Women with pelvic organ prolapse (POP) usually have multiple vaginal compartments involved and it’s now understood that adequate apical support is key to achieving successful repair outcomes. In addition, data suggests that enlarged genital hiatus is a poor prognostic factor for prolapse recurrence. Therefore, concomitant posterior repair and perineorrhaphy are typically performed to restore the vaginal axis and more importantly to reduce potential stress on the apical suspension, which is believed to lead to prolapse recurrence. However, the benefit of adjuvant posterior repair after adequate transvaginal native tissue apical support remains unknown.

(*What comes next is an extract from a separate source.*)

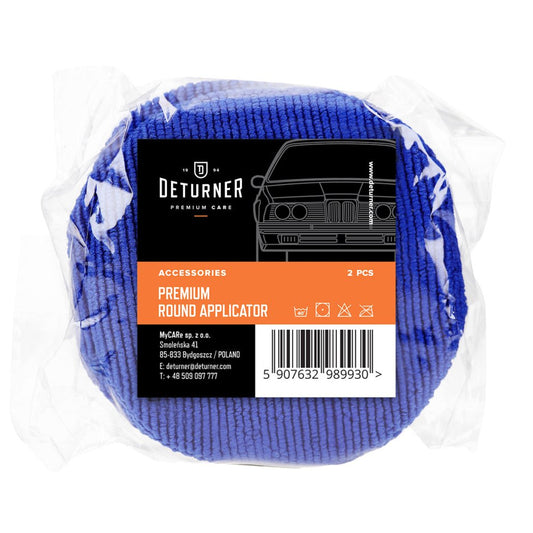 Deturner Premium Round Applicator 2pz - Solodettagli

This was a secondary analysis of The Operations and Pelvic Muscle Training in the Management of Apical Support Loss (OPTIMAL) trial. The authors compared 190 participants who had a posterior repair (posterior repair group – PR group) to 184 who did not (no posterior repair group – no PR group) at the time of native tissue vaginal apical suspension. The primary aim was to determine whether adjuvant posterior repair at the time of sacrospinous ligament fixation (SSF) or uterosacral ligament suspension (USL) was associated with “surgical success”. The authors used the composite outcome of the OPTIMAL Trial to define “surgical success”: no prolapse beyond the hymen, point C ≤ –2/3 total vaginal length, no bothersome bulge symptoms, and no retreatment at 24 months. The individual components were secondary outcomes. Propensity score methods were used to build models that balanced posterior repair group and the no posterior repair group for ethnographic factors and preoperative Pelvic Organ Prolapse Quantification values. An unadjusted probability curve was also created to evaluate for surgical success as predicted by preoperative genital hiatus.

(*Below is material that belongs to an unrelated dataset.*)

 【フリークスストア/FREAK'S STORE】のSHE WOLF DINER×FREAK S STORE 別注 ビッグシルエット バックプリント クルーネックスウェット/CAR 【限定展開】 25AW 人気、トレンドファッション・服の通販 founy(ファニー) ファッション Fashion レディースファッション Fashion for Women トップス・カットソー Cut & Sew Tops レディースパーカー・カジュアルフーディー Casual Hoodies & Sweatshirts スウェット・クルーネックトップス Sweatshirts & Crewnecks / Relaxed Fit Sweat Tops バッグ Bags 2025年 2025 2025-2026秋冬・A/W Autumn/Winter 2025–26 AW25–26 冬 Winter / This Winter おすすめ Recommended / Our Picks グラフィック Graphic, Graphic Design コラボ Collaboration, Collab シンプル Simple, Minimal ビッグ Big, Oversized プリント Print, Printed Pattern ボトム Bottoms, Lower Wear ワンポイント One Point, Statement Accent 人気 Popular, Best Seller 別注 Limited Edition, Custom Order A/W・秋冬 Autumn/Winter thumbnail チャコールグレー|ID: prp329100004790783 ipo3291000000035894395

The authors observed no group differences in surgical success, using propensity score methods (66.7% PR vs 62.0% no PR; p=0.83) or unadjusted analyses (66.2% PR vs 61.7% no PR; p=0.47). Individual outcome measures of prolapse recurrence (bothersome bulge symptoms, prolapse beyond the hymen, or retreatment for prolapse) and an anatomic outcome of any individual compartment (anterior, apical, or posterior) also did not differ between groups at 24 months. However, the unadjusted probability of composite success decreased with increasing baseline GH; a baseline GH of 4.5 cm was associated with a predicted 65.8% composite success rate at 24 months.

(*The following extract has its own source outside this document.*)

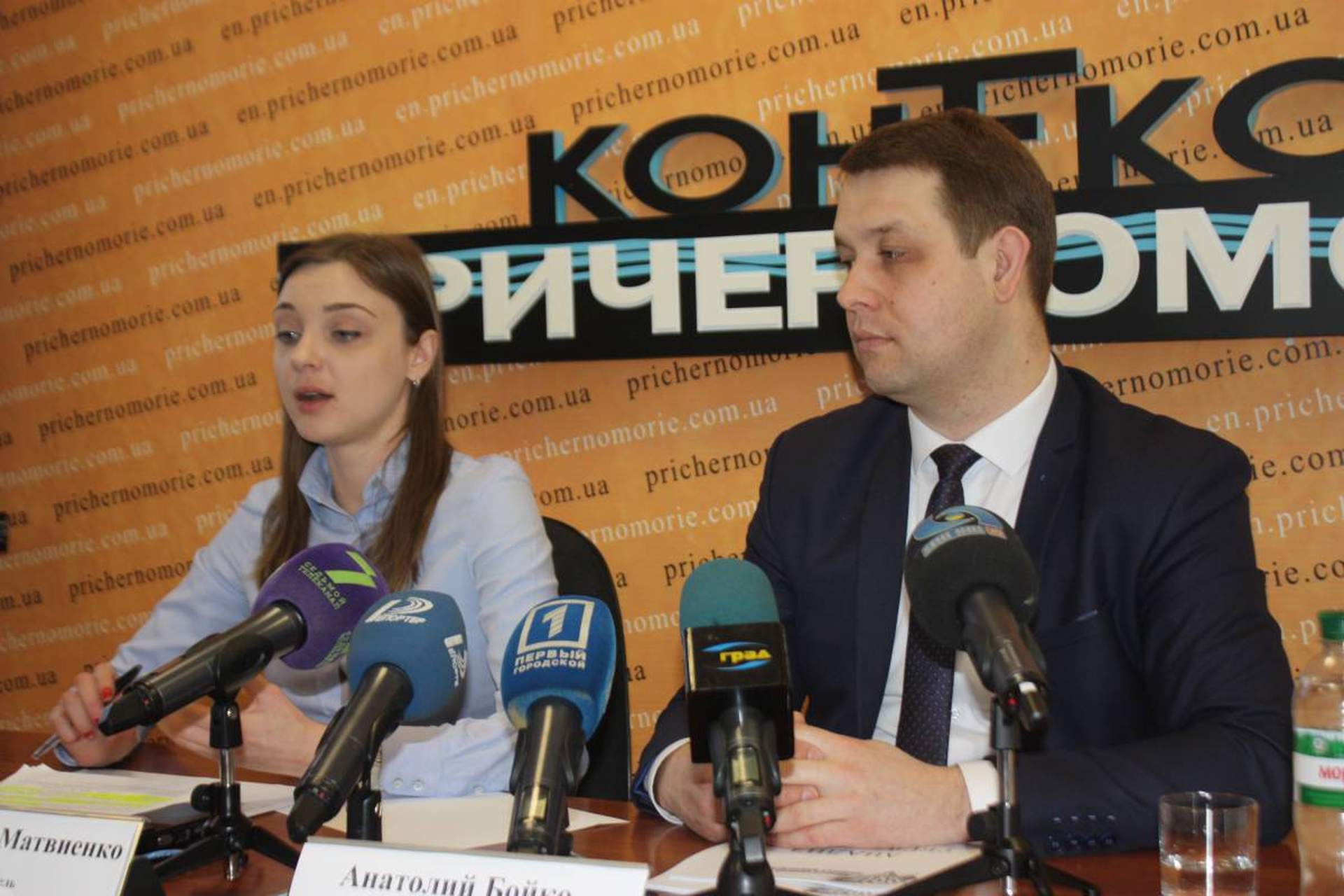 Пресс-конференция Одесской областной организации ВОО "Комитет избирателей Украины" "Местные советы: перезагрузка"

Based on the study’s findings it’s reasonable to conclude that adjuvant posterior repair at the time of vaginal apical native tissue surgery was not associated with surgical success. However, there are several important limitations that must be noted. Namely, posterior repair was not the primary intervention examined, there was no standardization how adjuvant PR was to be performed, there was wide variation in performance of PR by surgeon (15-79% of surgeries), and there was no subgroup analysis between those who received SSF or USL to see whether they benefited from a PR. Lastly, propensity score method only controls for observed variables and there are hidden variables that as a result can’t be accounted. Therefore, there is still a need for a well-designed, prospective, randomized trial to provide quality evidence for adjuvant PR at the time of native tissue apical suspensions.